What the task requires: From the records below, extract all the text exactly and leave the images behind.
═════ Records for this exercise
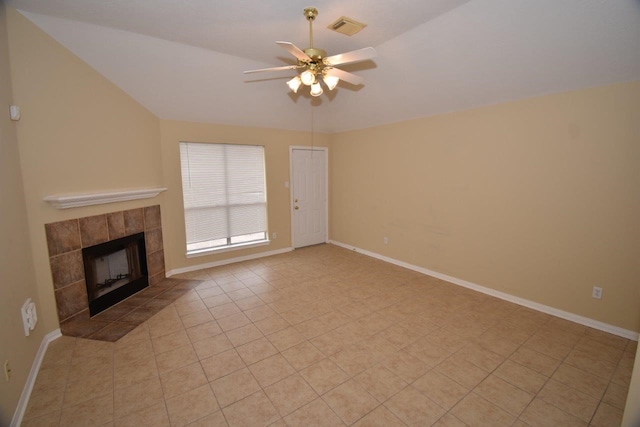 unfurnished living room featuring light tile patterned flooring, ceiling fan, a tiled fireplace, and vaulted ceiling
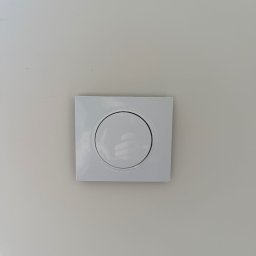 WOLWO Wojciech Wolski - Biały, kwadratowy włącznik światła z okrągłym przyciskiem, zamontowany na jasnej, gładkiej ścianie. Minimalistyczny design, centralne ujęcie.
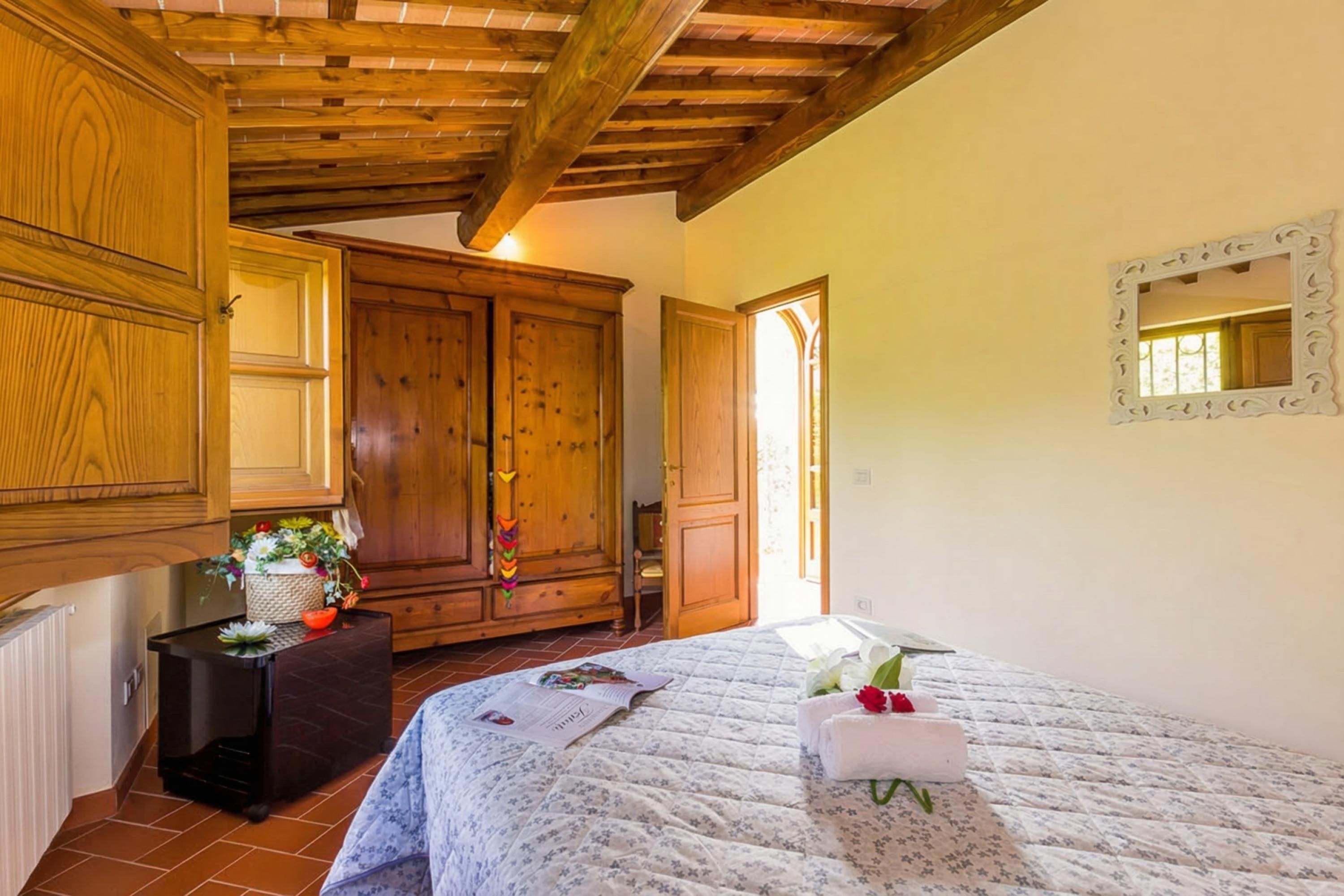 A bedroom with a wooden wardrobe, a bedside table with a vase of flowers, a bed with a floral bedspread, and a mirror on the wall.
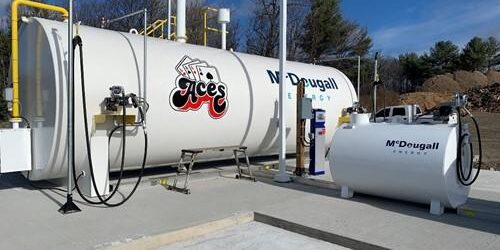 Shows outdoor shot of large white tank with Mcdougall Energy logo on it and Aces logo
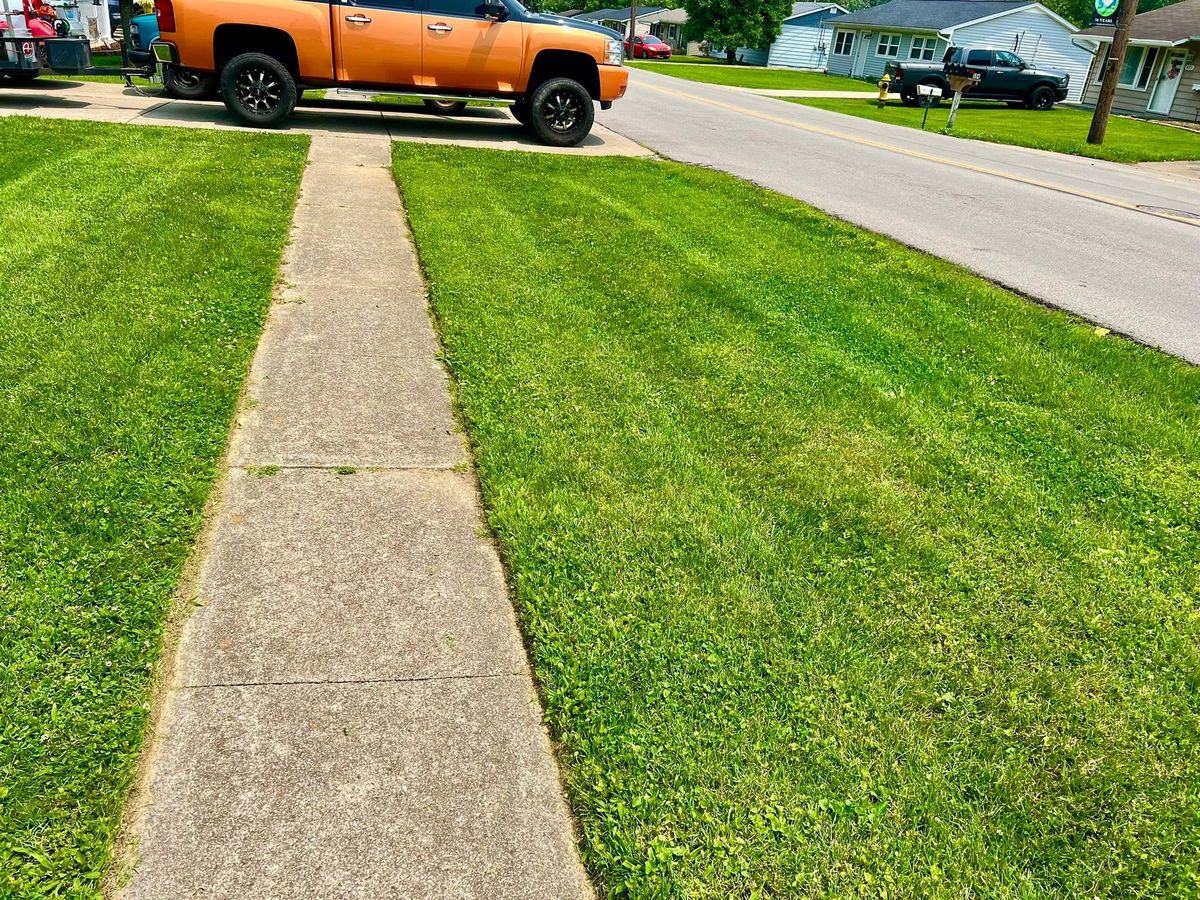 Sharp mowed edge running down both sides of a concrete sidewalk, the orange truck at the top of the frame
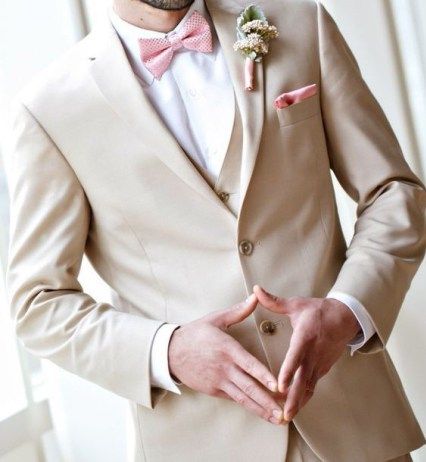 a man in a tan suit and pink bow tie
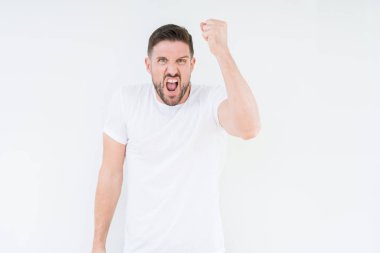 Öfkeli ve sinirli sinirli ve öfke ile bağırarak süre öfkeli yumruk yükselterek izole arka plan üzerinde rahat beyaz t-shirt giyen genç yakışıklı adam. Öfke ve agresif kavramı.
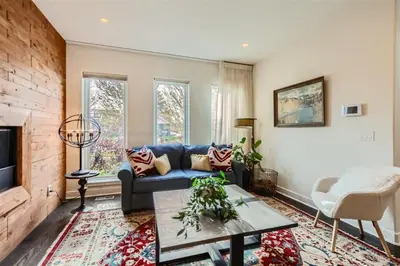 a living room with a blue couch and a fireplace at With Pool Table Near to RiNo and City Park in Denver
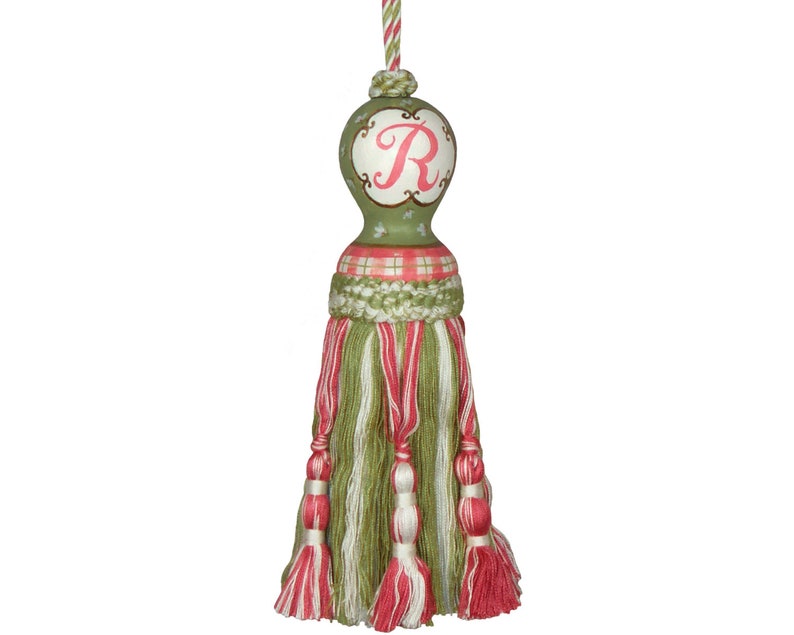 Puede incluir: Borla verde y rosa con un patr&oacute;n de cuadros verde y blanco y una bola verde con una letra R rosa en ella.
══════════
Task response:
 unfurnished living room featuring light tile patterned flooring, ceiling fan, a tiled fireplace, and vaulted ceiling
 WOLWO Wojciech Wolski - Biały, kwadratowy włącznik światła z okrągłym przyciskiem, zamontowany na jasnej, gładkiej ścianie. Minimalistyczny design, centralne ujęcie.
 A bedroom with a wooden wardrobe, a bedside table with a vase of flowers, a bed with a floral bedspread, and a mirror on the wall.
 Shows outdoor shot of large white tank with Mcdougall Energy logo on it and Aces logo
 Sharp mowed edge running down both sides of a concrete sidewalk, the orange truck at the top of the frame
 a man in a tan suit and pink bow tie
 Öfkeli ve sinirli sinirli ve öfke ile bağırarak süre öfkeli yumruk yükselterek izole arka plan üzerinde rahat beyaz t-shirt giyen genç yakışıklı adam. Öfke ve agresif kavramı.
 a living room with a blue couch and a fireplace at With Pool Table Near to RiNo and City Park in Denver
 Puede incluir: Borla verde y rosa con un patr&oacute;n de cuadros verde y blanco y una bola verde con una letra R rosa en ella.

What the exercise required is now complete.